Le P. Arnaud, au milieu de cette crise antiscolaire, ne se découragea pourtant pas. Il réussit à faire élire des commissaires d’école. Mais ce fut là tout le succès qu’il obtint. La force d’inertie que déployaient les braves Tadoussaciens n’était pas entamée.

Trois ans après, le P. Arnaud rencontra de nouveau le surintendant de l’Instruction publique, qui lui fit remarquer qu’il y avait maintenant cent cinquante piastres d’accumulées en faveur de l’école de Tadoussac.
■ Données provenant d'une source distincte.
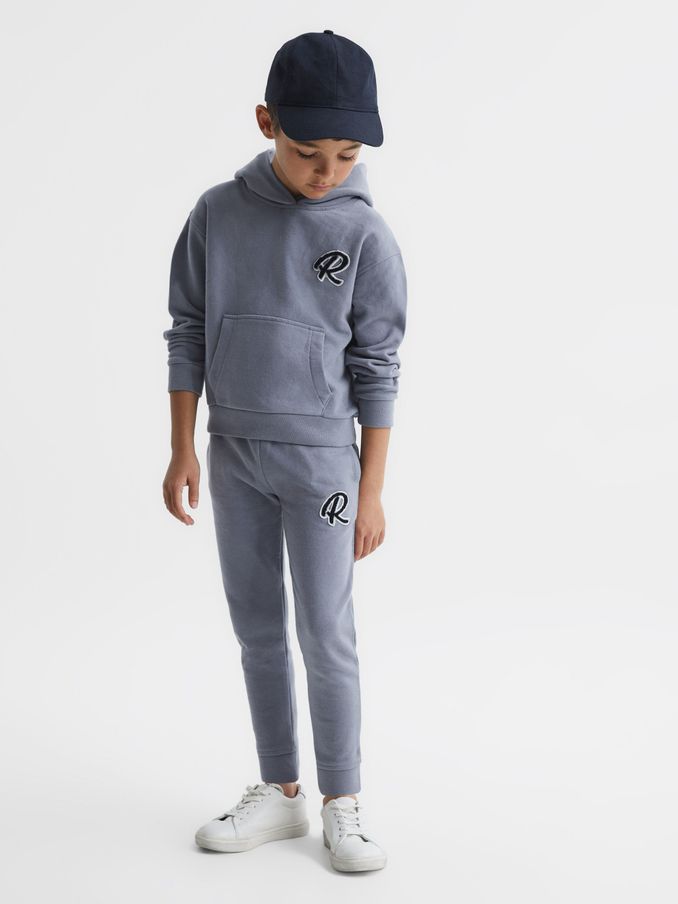 Garment Dyed Logo Joggers in Ashley Blue (D20408) | AED83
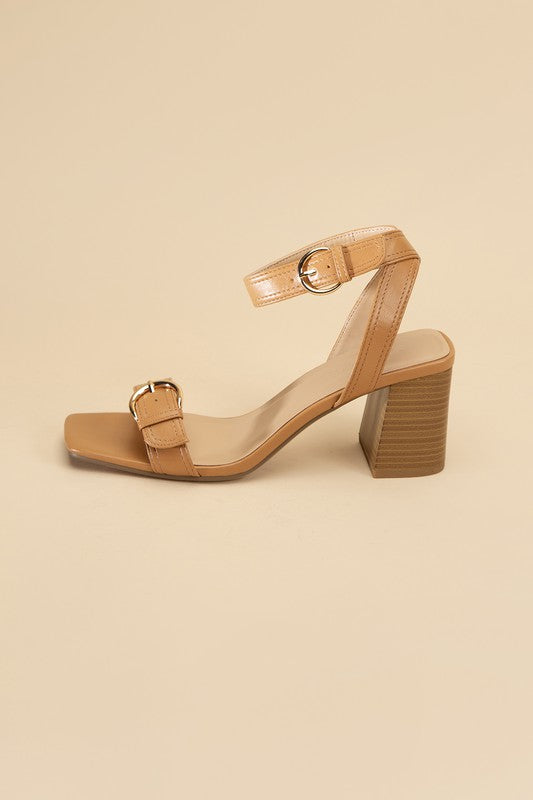 TREATY-S Buckle Sandal Heel HOUSE OF SHE
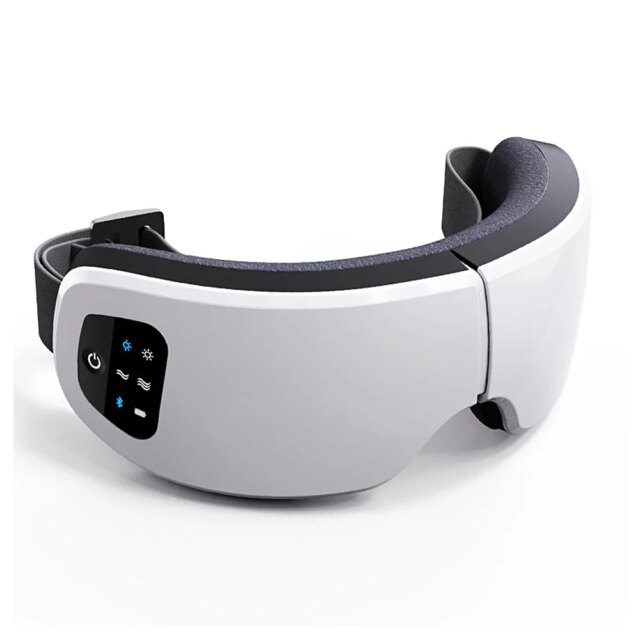 Foldable Eye Massager USB Charging Smart Eye Mask Vibrator Hot Compress Bluetooth Musice Eye Care Heating Fatigue Relief Device - Image 6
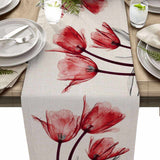 Blue Tulip Kitchen & Dining Table Runner Elegant Anti-Stain Decor - Culinarywellbeing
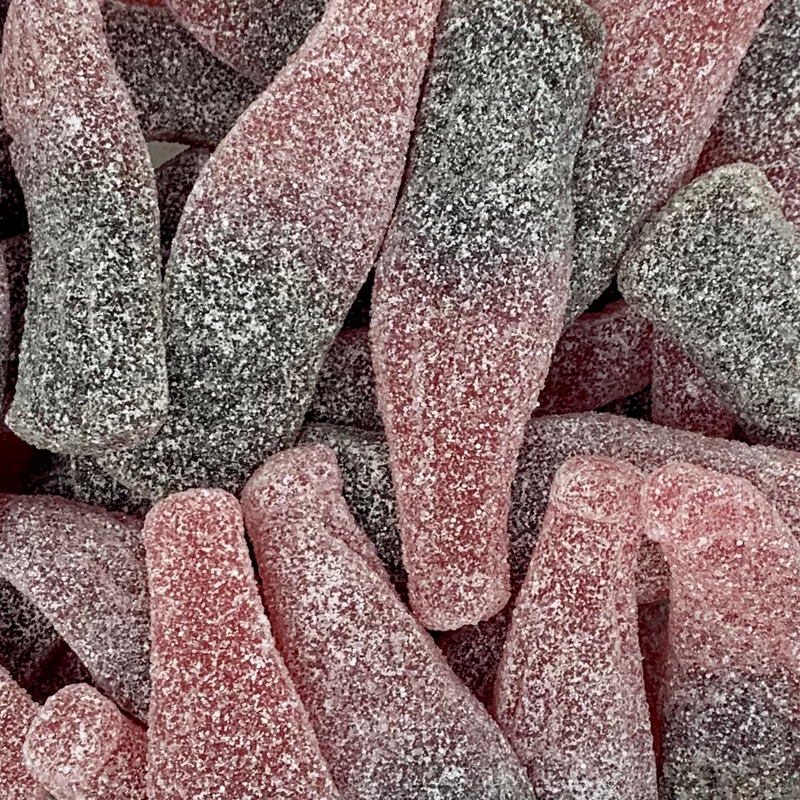 Giant Fizzy Cherry Cola Bottles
Le missionnaire s’empressa de faire savoir aux gens de Tadoussac une aussi bonne nouvelle, bien persuadé que la résistance allait céder enfin devant la fascination de l’or… Quelque temps après, une lettre circulait dans les ministères de Québec et déridait pour un moment les figures habituellement glaciales, rigides et austères (les mœurs se sont bien un peu adoucies depuis quarante ans !) des fonctionnaires du gouvernement. « Mon gouverneur, écrivait l’intelligent Tadoussacien que j’ai déjà mis en scène, mon gouverneur, il paraît qu’il y a cent cinquante piastres de votées en faveur de Tadoussac.